Rating:
On the first volume of The Exchange Sessions, released earlier this year, the roles were assigned with several restrictions. Four Tet's Kieran Hebden would play the loony laptop upstart with a surfeit of good experiments and a deficit of good sense. A groove-crunching Steve Reid acted as the grizzled jazz sage, cautiously restraining his compatriot's erratic computations. Neither musician seemed willing to alter (or revel in) these positions; the ensuing album suggested the artists might as well have telecommuted to the performance. Despite moments of fusion, the album generally exhibited a gross incompatibility between Reid's structured drumming and Hebden's haphazard attempts at international rhythms.
On Vol. 2, which was recorded at the same London session, not a whole lot has changed. Yet I appreciate the album more than its predecessor. Hebden and Reid must know that boredom inevitably leads to fascination.

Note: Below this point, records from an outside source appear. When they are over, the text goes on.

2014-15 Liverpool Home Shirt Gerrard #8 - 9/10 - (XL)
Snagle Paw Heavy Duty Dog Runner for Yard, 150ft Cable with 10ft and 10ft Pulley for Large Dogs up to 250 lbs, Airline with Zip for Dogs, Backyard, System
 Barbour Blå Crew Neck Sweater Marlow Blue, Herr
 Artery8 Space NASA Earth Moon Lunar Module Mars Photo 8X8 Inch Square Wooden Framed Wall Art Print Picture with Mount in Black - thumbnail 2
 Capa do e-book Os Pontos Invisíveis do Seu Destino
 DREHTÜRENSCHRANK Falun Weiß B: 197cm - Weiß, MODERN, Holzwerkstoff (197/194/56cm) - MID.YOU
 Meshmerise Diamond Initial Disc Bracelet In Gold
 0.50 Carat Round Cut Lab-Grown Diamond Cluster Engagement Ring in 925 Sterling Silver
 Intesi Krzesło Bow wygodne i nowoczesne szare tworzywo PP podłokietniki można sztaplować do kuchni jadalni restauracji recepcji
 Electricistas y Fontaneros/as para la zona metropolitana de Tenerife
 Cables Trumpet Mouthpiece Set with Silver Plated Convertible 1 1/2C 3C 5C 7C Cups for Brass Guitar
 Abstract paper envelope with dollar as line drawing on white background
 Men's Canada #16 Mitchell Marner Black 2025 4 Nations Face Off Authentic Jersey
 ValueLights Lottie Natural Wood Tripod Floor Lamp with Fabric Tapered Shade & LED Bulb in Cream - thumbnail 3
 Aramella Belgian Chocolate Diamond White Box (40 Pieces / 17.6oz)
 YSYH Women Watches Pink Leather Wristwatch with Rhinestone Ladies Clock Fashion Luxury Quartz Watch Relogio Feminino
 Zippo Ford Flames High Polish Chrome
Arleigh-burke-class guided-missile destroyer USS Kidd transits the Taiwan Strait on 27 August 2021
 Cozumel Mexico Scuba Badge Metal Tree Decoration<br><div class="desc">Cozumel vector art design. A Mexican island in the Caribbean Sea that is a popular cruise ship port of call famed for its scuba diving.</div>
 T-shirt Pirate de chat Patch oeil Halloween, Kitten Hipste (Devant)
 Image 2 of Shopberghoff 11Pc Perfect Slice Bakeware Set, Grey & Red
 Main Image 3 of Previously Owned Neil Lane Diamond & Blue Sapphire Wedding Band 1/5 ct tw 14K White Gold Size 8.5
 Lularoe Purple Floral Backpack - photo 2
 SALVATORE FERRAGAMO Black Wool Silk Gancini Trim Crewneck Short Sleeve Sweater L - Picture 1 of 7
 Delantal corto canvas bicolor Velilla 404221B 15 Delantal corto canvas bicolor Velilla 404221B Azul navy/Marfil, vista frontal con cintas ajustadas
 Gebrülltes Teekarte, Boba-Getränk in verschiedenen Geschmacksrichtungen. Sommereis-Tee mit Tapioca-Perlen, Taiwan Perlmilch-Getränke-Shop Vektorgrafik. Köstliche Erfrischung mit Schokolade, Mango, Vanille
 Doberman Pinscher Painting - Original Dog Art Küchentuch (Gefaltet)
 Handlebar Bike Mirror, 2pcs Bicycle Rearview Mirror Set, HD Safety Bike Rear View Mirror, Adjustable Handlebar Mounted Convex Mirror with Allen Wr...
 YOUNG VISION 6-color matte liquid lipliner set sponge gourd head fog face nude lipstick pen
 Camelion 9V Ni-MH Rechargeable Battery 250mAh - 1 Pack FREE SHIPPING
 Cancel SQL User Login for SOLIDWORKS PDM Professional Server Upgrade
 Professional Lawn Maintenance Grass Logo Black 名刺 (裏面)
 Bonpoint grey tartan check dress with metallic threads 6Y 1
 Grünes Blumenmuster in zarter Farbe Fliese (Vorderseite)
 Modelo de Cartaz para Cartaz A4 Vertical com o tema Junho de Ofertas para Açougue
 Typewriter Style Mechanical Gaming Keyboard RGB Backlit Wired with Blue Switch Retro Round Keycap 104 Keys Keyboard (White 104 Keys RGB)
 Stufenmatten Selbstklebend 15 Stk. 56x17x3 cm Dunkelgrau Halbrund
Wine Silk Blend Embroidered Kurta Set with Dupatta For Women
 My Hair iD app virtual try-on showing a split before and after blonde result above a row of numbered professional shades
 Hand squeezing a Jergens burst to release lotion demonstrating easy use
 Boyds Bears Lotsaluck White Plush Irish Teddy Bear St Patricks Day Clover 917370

It's the Law of Double Albums: One dull record is simply dull, two dull records means the audience must've missed something. Still, there are some material differences between the two volumes, though they're nearly invisible without systematic side-by-side comparison. First, Vol. 2 is faster and more reluctant to wallow in eye-shutting ambience. The first volume had a tendency to revert to flaccid schmaltz in the middle of interminable 20-minute jams. No such difficulties plague the new disc. (If anything, the songs are too busy.)
The album's centerpiece, "Hold Down the Rhythms, Hold Down the Machines", is Hebden's most successful attempt to convert Reid's visceral energy into a digital meltdown: A flurry of condensational reverb and acidic cymbals. Reid's disco hi-hat and military rhythms seamlessly roll around Hebden's machine-gun klezmer and wobbly pitch-bend wheels. The whole track is riddled with cut-up hip-hop rasps, coughed-up spittle, and a sense of anxiety. In short, the symptoms of pulmonary congestion. Whatever the value, it's hardly monotonous. For a collaboration that's been fairly minimalist thus far, the song brims with exotic influences.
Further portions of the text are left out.